Анныч, кутаясь, все стегал лошадь.
– Уж лучше нам, старикам, грызться, – вымолвил он нехотя, – чем всю ту же линию жизни по потомству передавать.
– А грызться-то зачем? – горячо подхватил Канашев. – Какая в том корысть?
– Иначе не отыщешь тропу мирной жизни. Новая-то жизнь, как бабьи роды, через муки достается...
– Значит, вражда – закон?
– Пока!
– Это тебе в волости сказали...
Мороз стал забираться под полушубок к Канашеву, особенно обдувало ветром и холодило коленки. Он повернул спину ветру и задумался. И стали тут на смену только что перечувствованному идти невеселые мысли, совсем другие. Подумалось, что Анныч, может, и не стал бы волков пугать, коли бы знал, что это враг его в опасности, – а значит, и в заслугу ставить это Аннычу ни к чему, и радоваться было ни к чему, и умиляться ни к чему. Умиление это, выходит, обыкновенная глупость.
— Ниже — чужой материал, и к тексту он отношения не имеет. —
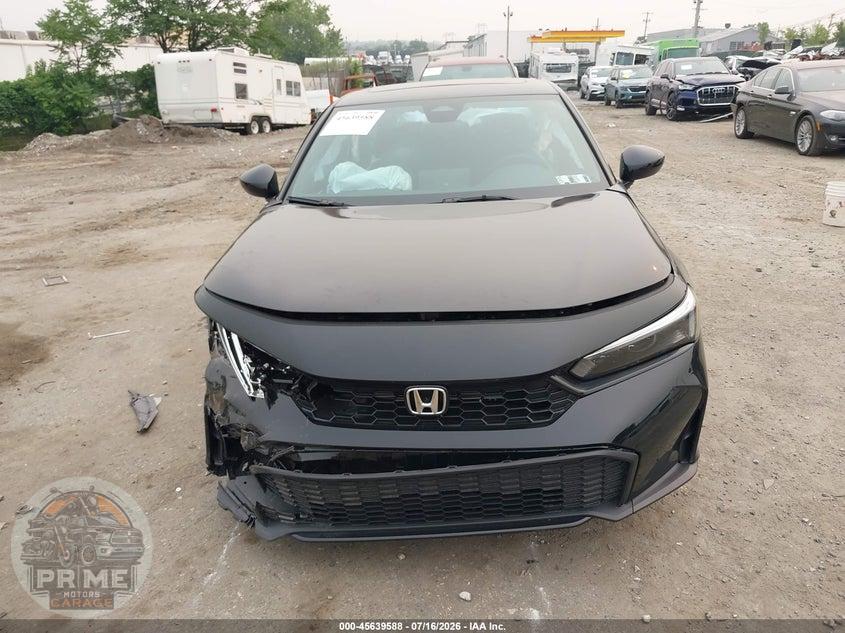 2026 HONDA CIVIC HYBRID SPORT/SPORT TOURING — фото 11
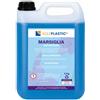 SOLEPLASTIC Sgrassatore Concentrato 5 Litri PROFUMAZIONE (MARSIGLIA) - per Cucina, Bagno e Superfici Lavabili - Rimuove Grasso e Sporco Ostinato - Ideale anche come Pretrattante Bucato - PROFUMO FRESCO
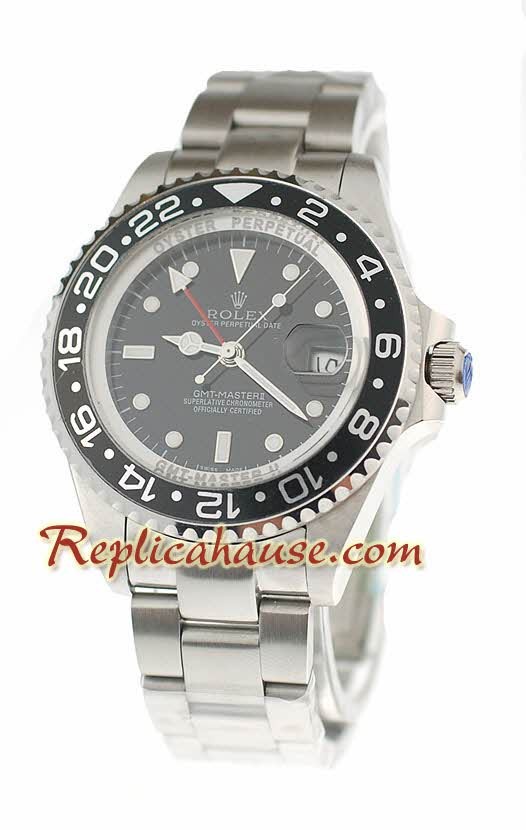 Rolex Réplica GMT Masters II Edición 2011 - Bisel de cerámica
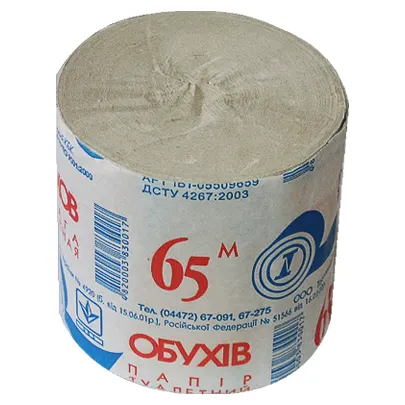 Զուգարանի թուղթ 65 մ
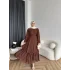 Hr - Lilim Etekli Takım - Acı Kahve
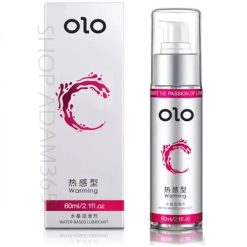 Gel bôi trơn OLO Warming nóng ấm - chai 60ml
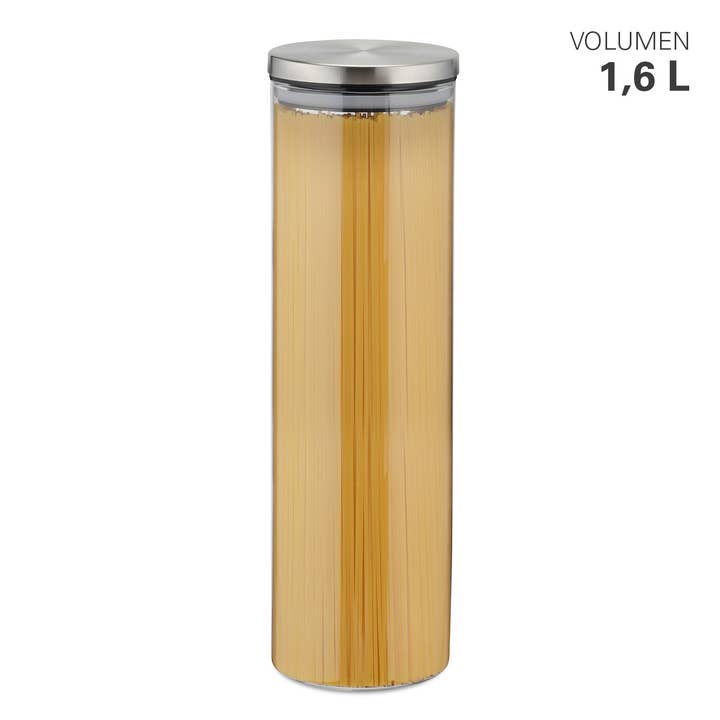 Storage jar made of borosilicate glass 1650ml for wholesale by Karl Weis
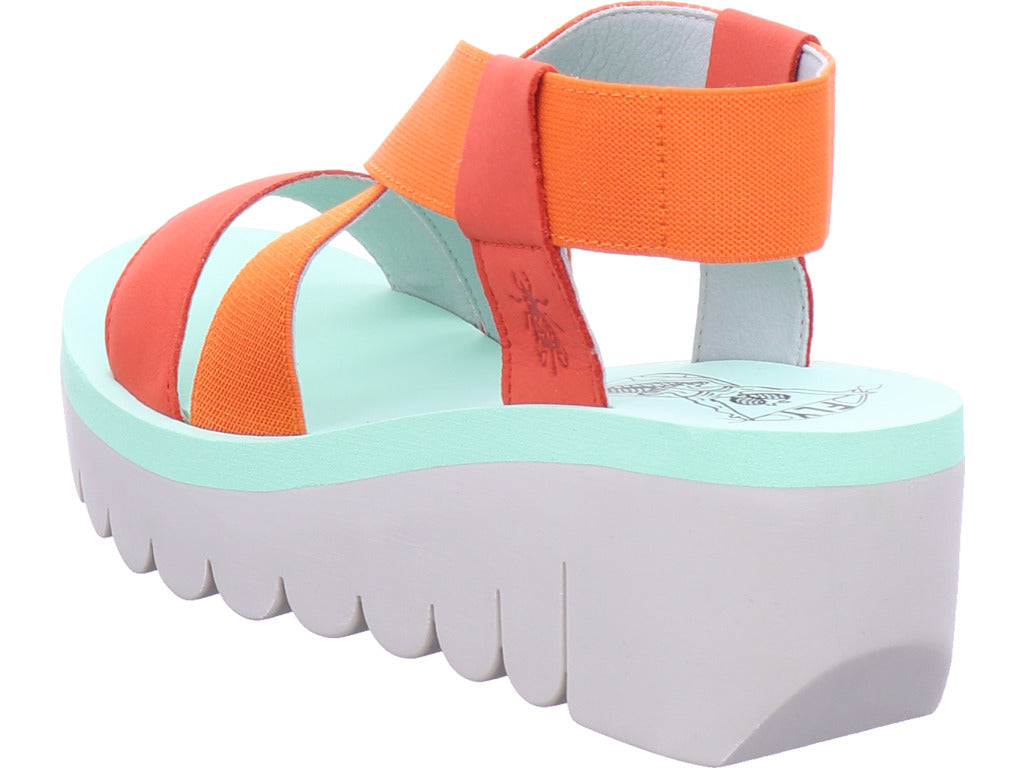 Fly London Damen   in orange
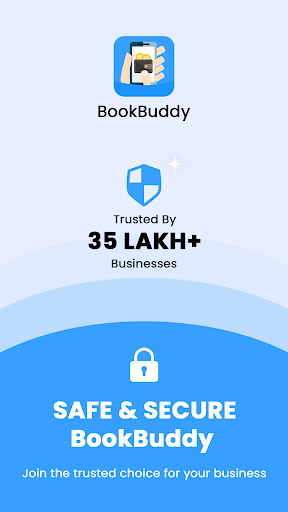 Android application BookBuddy : Expenses Record screenshort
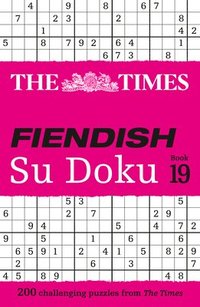 bokomslag Times Fiendish Su Doku Book 19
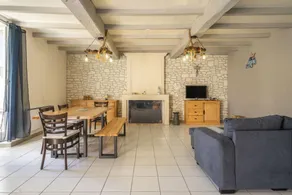 Holiday home with barbecue, terrace & garden | Garden view | Good for workation - Image 3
Когда они подъехали к осиннику, которым дорога сходила в дол, муть поднялась у Егора с сердца, и опять стало тошно, как утром, как час тому назад. Дол принадлежал Мокрым Выселкам, и покос в нем сдавался из лета в лето с торгов. Егор пятнадцать лет подряд перехватывал у сельчан этот покос. Последние годы он привык расплачиваться водкой, – ее тут же на сходке распивали и благодарили Егора, а сено было первосортное. Теперь этот дол отвоевал Анныч для артели. Егор добывает сено, где придется, арендуя его у богатых лугами зверевских мужиков.
Мысли закрутились в злобном вихре. Канашев спохватился, – попытался уверить себя, что этот злобный вихрь – и есть то самое земное зло, которое давно бы следовало ему, старику, отринуть. Но чем старательнее он пытался его отринуть, тем крепче оно забирало его в плен.
Он шептал в суровом гневе:
«Призри меня, боже, и помилуй, ибо я одинок и угнетен. Скорби сердца моего умножились. Выведи меня из бед моих. Воззри на страдание мое и прости мне замыслы мои. Посмотри на врагов моих, как их много и какою лютою ненавистью они ненавидят меня...»
Теперь спутники ехали уже низиною. Только две стены уходящих в небо елей и сосен. Глушь смертная.
– С глазу на глаз мы с тобой, Яшка, – сказал Канашев, – не боярского мы с тобой роду – одной глины горшок... Спросить тебя хочу я, ответь начистоту: погибель мою в бумагах везешь аль освобождение?
– Чудак ты, Егор Лукич, – ответил Анныч. – Погибели тебе никакой не везу, но артельная достоверность вашего предприятия под большим сомнением у общественных организаций. Под большим.
– Сомневаются, выходит, крепко и всурьез?
– Сам знаешь, что шило в мешке не утаишь. Разве это первый случай в государстве?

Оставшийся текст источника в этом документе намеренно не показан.